うりぼうのシネ煉獄

映画・ゲーム・テレビ・本の感想をまったり書きます。

うる星やつら/ビューティフル・ドリーマー

2013年06月12日 | 日記
 押井守監督による1984年のアニメ作品。


 「1作目は原作に(比較的)従順に、2作目は自分の好きにやる」スタイルであるとか、2つの異なる世界の境界が曖昧になる物語とか、理屈っぽい独り語りが多いとか、ある意味、押井守のスタイルを決定づけたとも言える作品で、うる星やつらが原作であることを除いても物語として傑作だと思います。

 それでもこの頃はまだそれぞれのキャラクターや世界観を生かしつつみたいなところもあってほどよく観られる作品です。
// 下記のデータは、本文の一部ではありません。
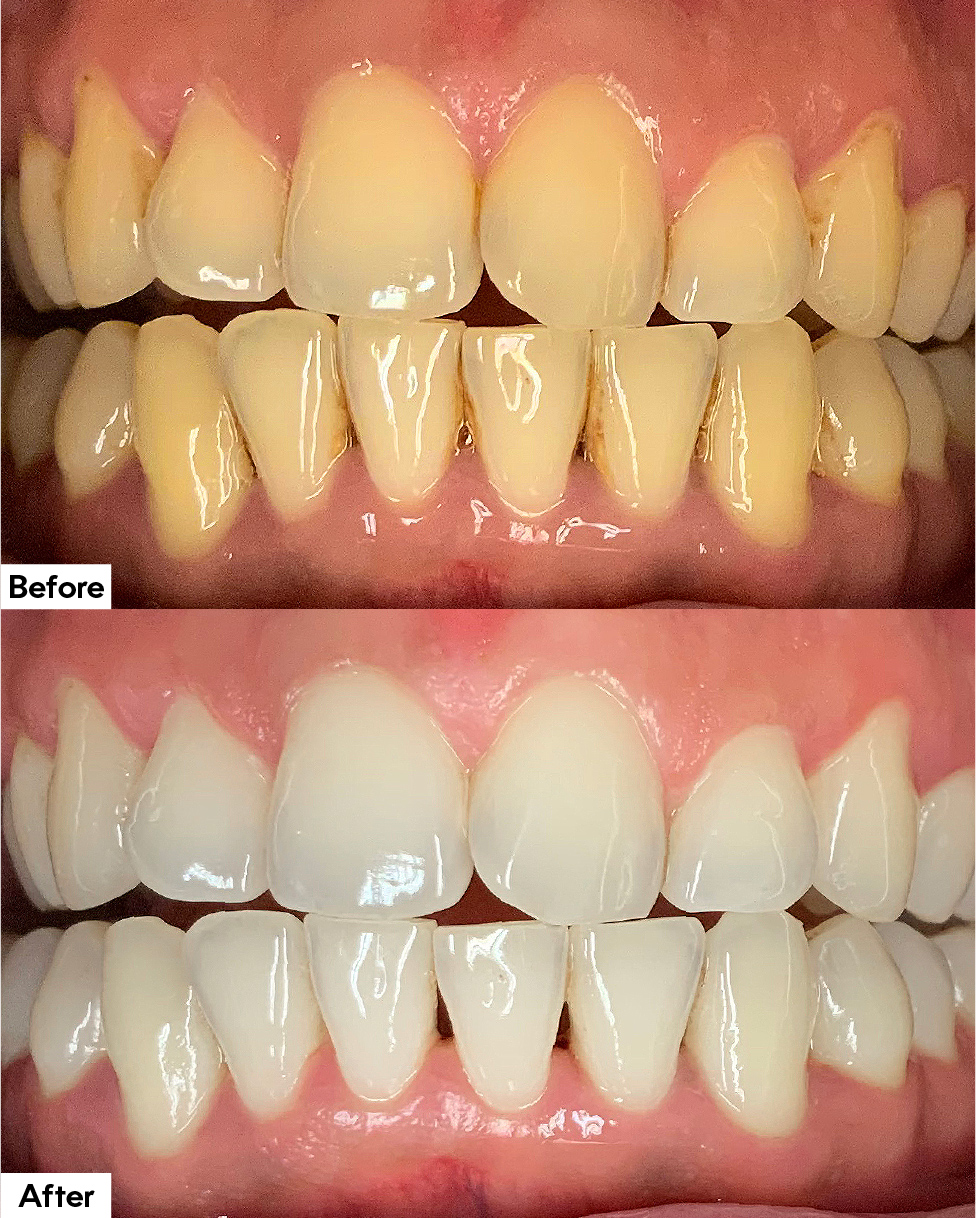 Airflow or Air-Flow Plus before and after hygienist appointment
同じように「2作目は好きにやる」タイプの「パトレイバー2」「イノセンス」では本当に押井の好きなキャラで好きな世界観で物語るので原作ファンにもキツかったろうと思います。個人的には押井守作品が好きなのでいいんですが。


 物語の設定になる”永遠に終わらない学園祭前日”とかそういうノリはマンガでも「究極超人あ~る」のような「こういう逃げ場所のような部活がずーっと続けばいいなぁ」というようなのがあったし、同じゆうきまさみの「パトレイバー」でも”埋立地に島流しにされたお荷物部隊”の登場人物たちという設定で持ち越されています。
 本作ラストで「実は”終わらない夢”は続いている」ような解釈が許されているのは原作自体登場人物たちがずっと年を取らない設定だったことを踏まえているんでしょうね~。「永遠に学園祭前日を繰り返す」のも「永遠に高校2年生である」のも一緒じゃないか、と。
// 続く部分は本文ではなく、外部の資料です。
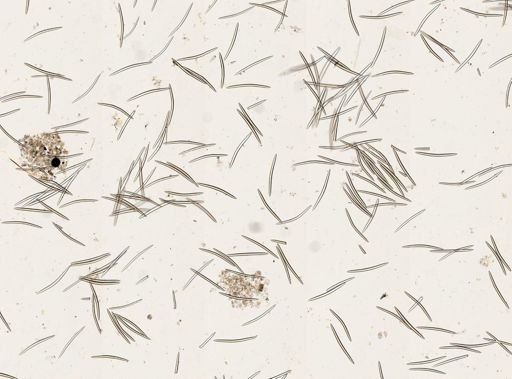 Spongilla fragilis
 それはけっこう意識的に演出されているようで、作中面堂が他の仲間に怪異に注意を払うようにいいつつも先刻折れたはずの刀がいつの間にか元に戻っているのに気づいていなかったり、同じシーンでさくらが「3階建ての校舎がいつの間にか4階建てになっている」と指摘するのに、実はそのシーン以外では校舎は2階建てであるのにさくら自身気づいていなかったりと”うる星やつら”の登場人物自体が永遠に繰り返す夢にすでに飲み込まれているのを匂わせています。


 ともあれ、
 本作はうる星やつらを知っていても知らなくても楽しめる傑作だと思うし、少なくとも後年の押井作品よりも観やすいという意味でもオススメ。